Spoilers ahead for Unbreakable Kimmy Schmidt: Kimmy vs. The Reverend. As a Choose Your Own Adventure-style interactive film, there are a lot of different ways to watch the new Unbreakable Kimmy Schmidt movie, Kimmy vs. The Reverend. You can play it as if you're Kimmy (Ellie Kemper), always making the good and responsible choices as you try to track down the other underground bunker of women the Reverend (Jon Hamm) has kept hidden for all of these years. Or you can play it as the ultimate agent of chaos, always selecting the worst possible option. Daniel Radcliffe, who plays Kimmy's new fiancé Frederick, would like you to start with the latter.

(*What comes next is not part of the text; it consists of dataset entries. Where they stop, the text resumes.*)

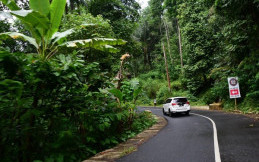 Jadi Alternatif Mudik, Jalur Pansela Jawa Tengah dan Yogyakarta Sudah Tersambung 219 KM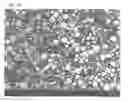 Fig. 14 - Inductor element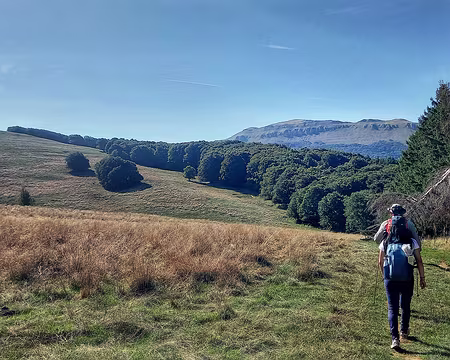 20250919_161914-01 On ne pourra pas pénétrer dans la forêt qui borde le plateau, elle est interdite pour protéger les cerfs.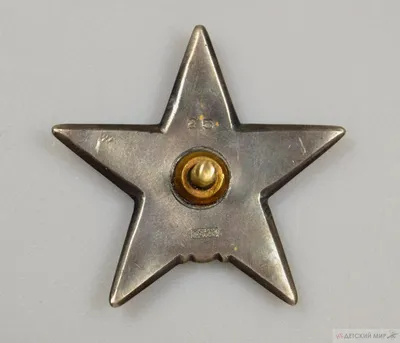 Знак \"6 Гдынский ордена Красной звезды пограничный отряд\"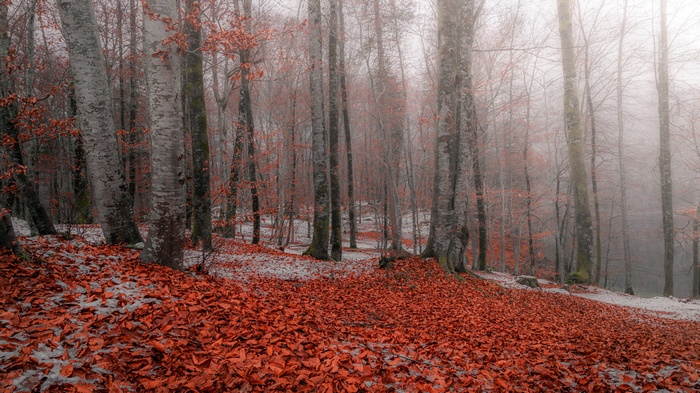 Autumn forest with fallen leaves and fog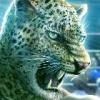 RenamedUser_4112520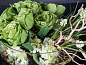 ETERNITY ROUND ROSE Искусственное растение VGnewtrend — фото 5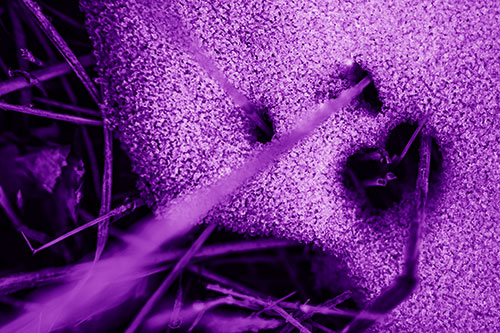 Screaming Illuminated Grass Piercing Snow Face (Purple Shade)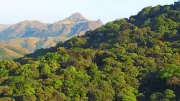 India's Forests Lose Climate Resilience, Experts Warn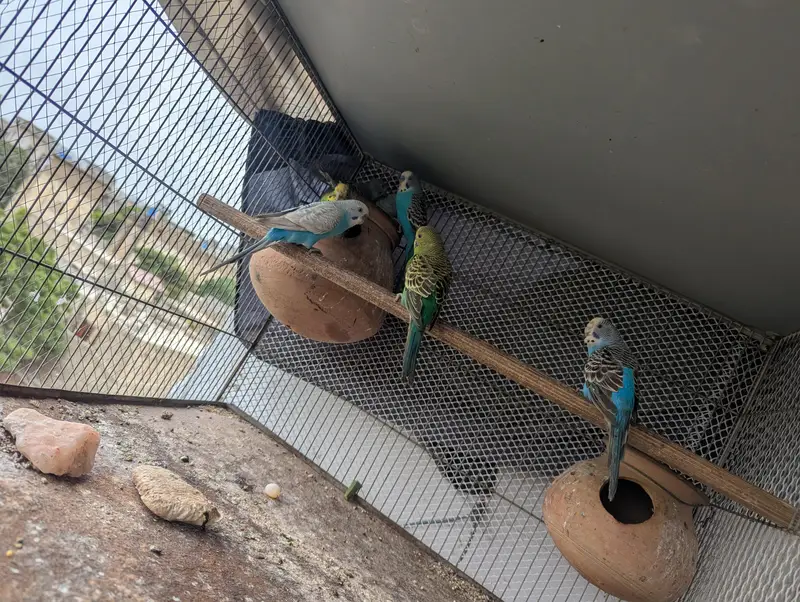 Sealing may Parrot with Cage — photo 4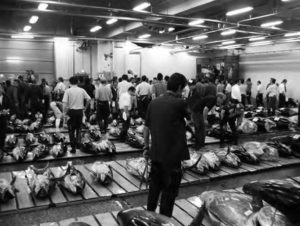 photo of many people standing in front of rows of tuna fish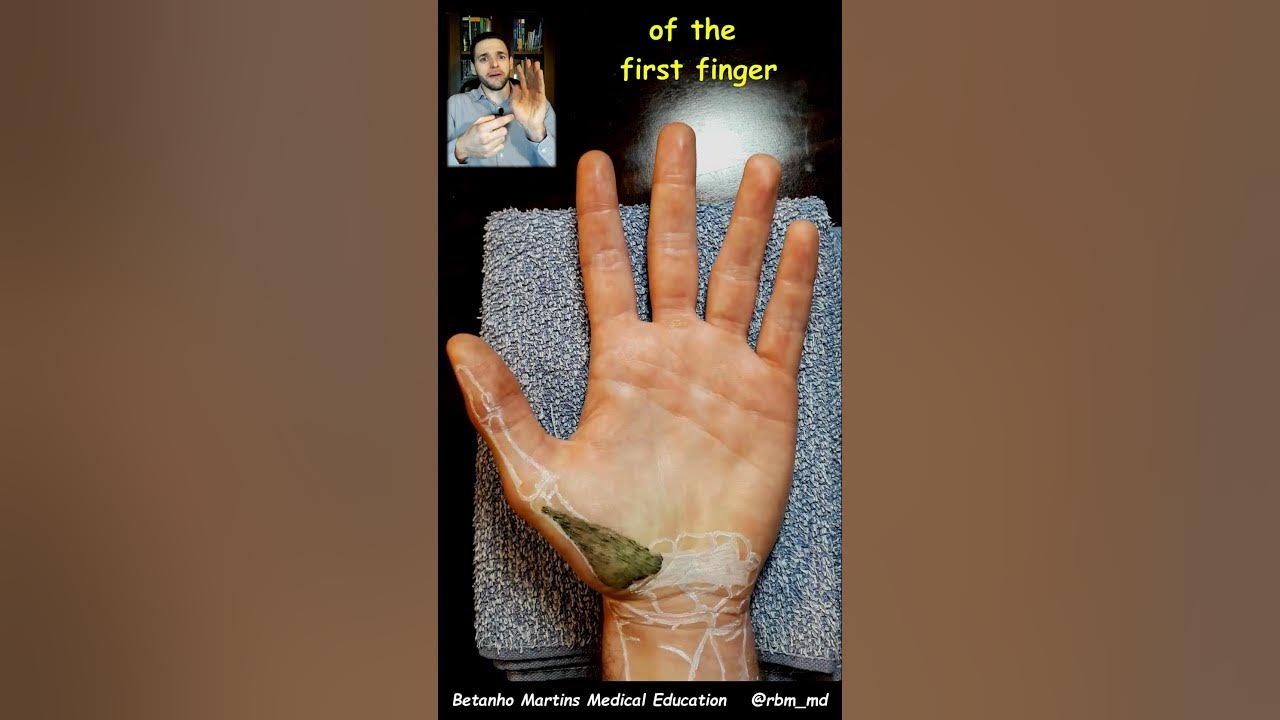 Movements that make up Opposition of the Thumb
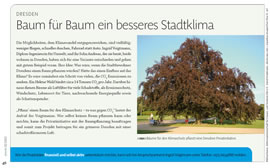 alverde-Sonderausgabe, Februar 2012, Ausgabe Dresden Nord und Mitte, S. 46
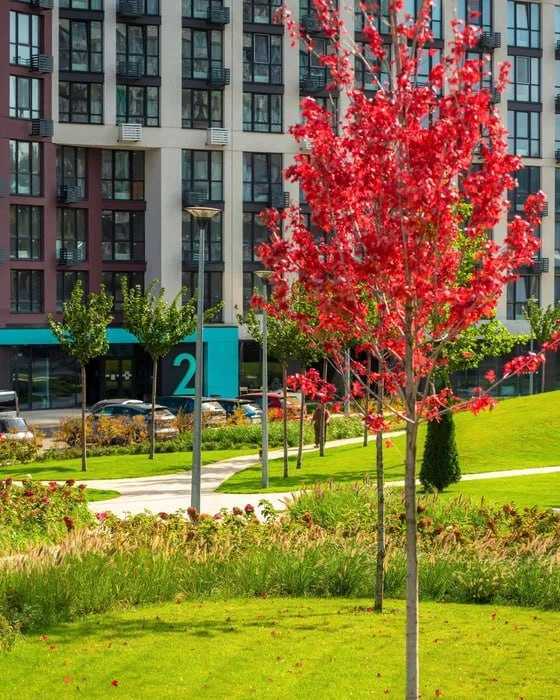 Аренда 1-комнатной квартиры 45 м², Виктора Забилы ул., Некрасова, 12А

"I think the way to play the special through is to play it the first time as a very, very bad person and make terrible choices and watch terrible things happen," he says. "And then play it once as if [you're] a very saintly, good human being who would always do the right thing. That way you're pretty much guaranteed to get to the [happy] ending. But all the false endings are also very funny, so I would recommend that people try to find as many of those as possible."

Netflix

Star Jane Krakowski, who plays Jacqueline, agrees that the bleaker endings are important to see, because they speak to the dark humor of the original show. In one early option, all of the characters end up dead, while Kimmy later has to confront her abuser — the Reverend — in prison. "[When] Kimmy has to face off with the reverend and finds out that there possibly are other [mole women], I was incredibly moved because it brings me back to the sort of darker base of where the story started," Krakowski says. "I really liked how they brought that back in before we could go to the beautiful, fantastical, pink candy-colored wedding."

Ultimately, making the wrong decision is merely a detour: you're just brought back to whichever choice led you there and given a redo. All roads eventually lead to Kimmy and Frederick getting married. This is what Carol Kane, who plays both Lillian and Frederick's nanny Fiona, thinks best captures the core of the story.

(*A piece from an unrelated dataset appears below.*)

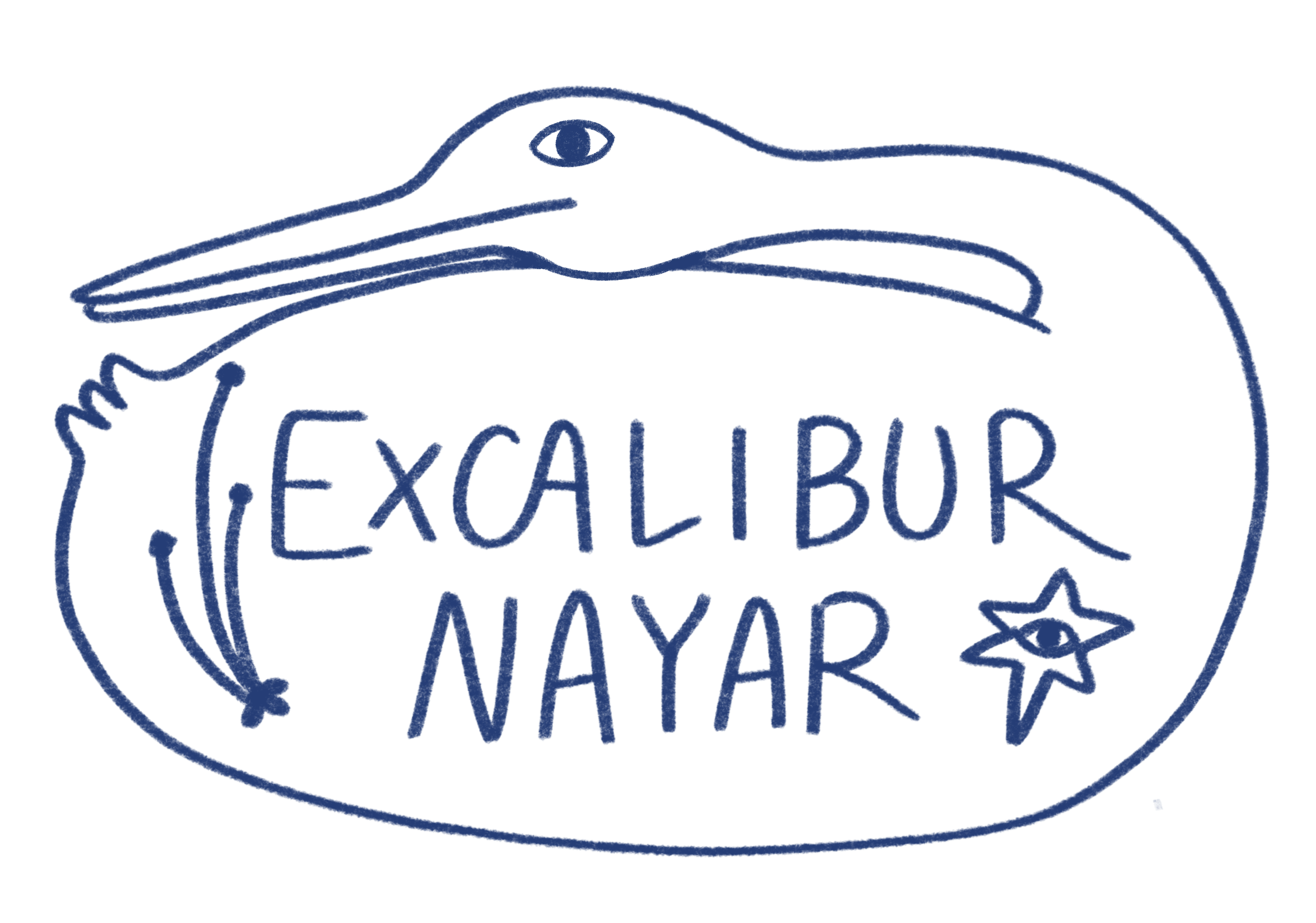 A NAYAR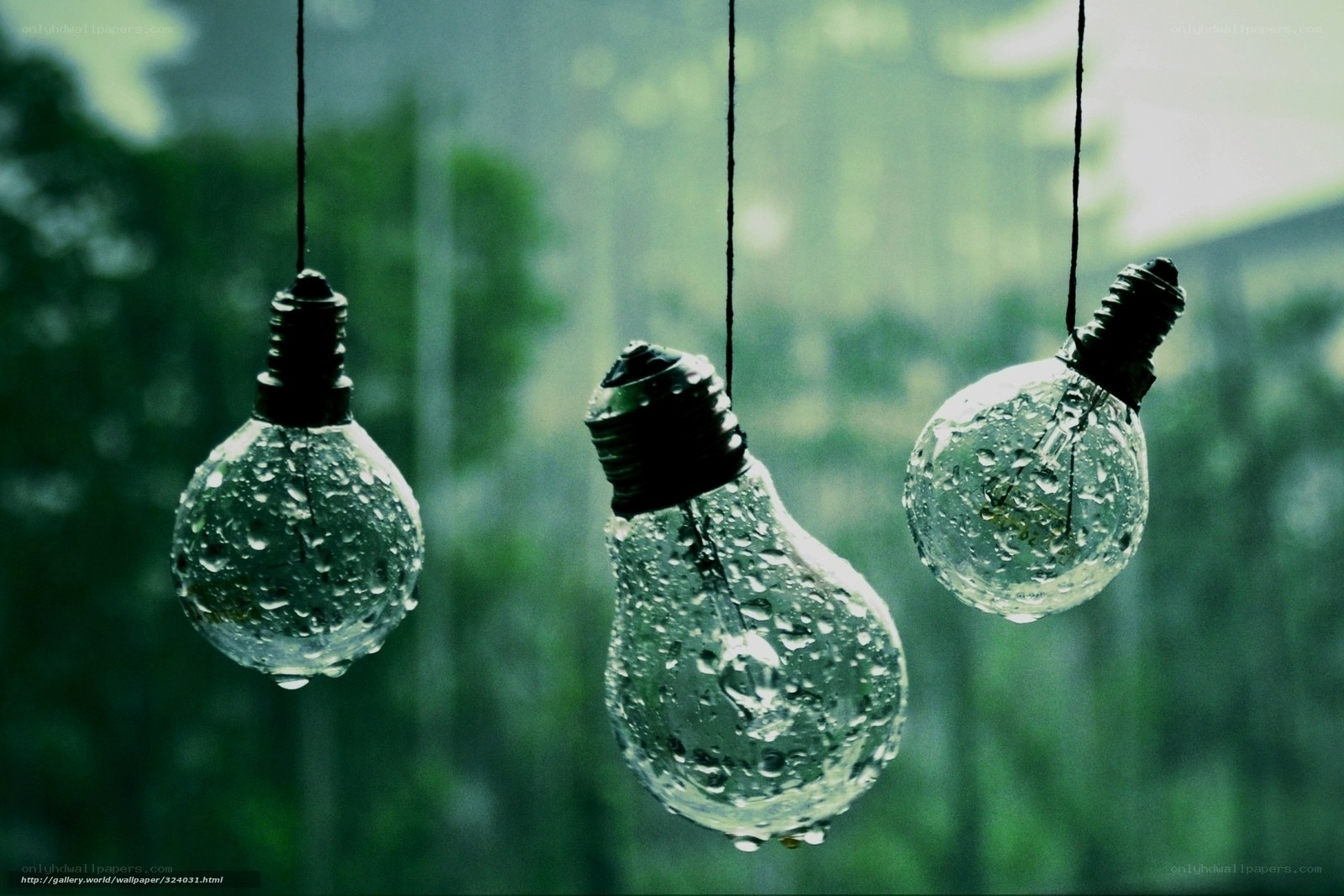Raindrops on hanging light bulbs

"I think the whole message of Kimmy is to keep fighting and to have hope," she says. "If you stay true to yourself, it will be OK."

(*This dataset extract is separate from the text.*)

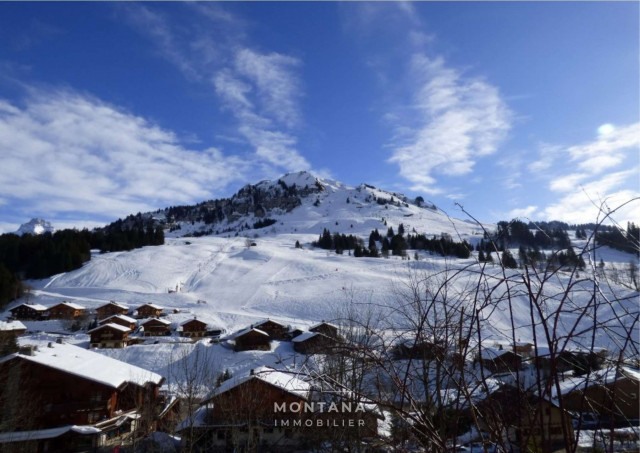 _clients_227445005_photos_51l_4913631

For Kimmy and Frederick, happily ever after means ending up together, while for Jacqueline, it means being an independent woman. "She's finally standing on her own two Christian Louboutins, and she bought them herself," Krakowski jokes. "If the premise of the show was we all had a bunker of our own, and Kimmy's was the actual bunker, Jacqueline's was the gilded cage in the castle of her one-percent life and money. She got out of that."

Courtesy of Netflix

We don't get to see what this looks like for Lillian, but Kane hopes her character will become the godmother of Kimmy's kids, keep her job on the subway, and "get to fall in love again, because I love to be in love," as well as continue "popping up unwanted every day in Kimmy and Titus' lives."

And fans are left with their own bit of hope too: both Krakowski and Kane say they'd love to reprise their Kimmy Schmidt roles in the future. "On the last day of filming, I mildly joked, 'I smell a Christmas special coming,'" Krakowski recalls. "I think it would be super fun for all of our characters to meet up again."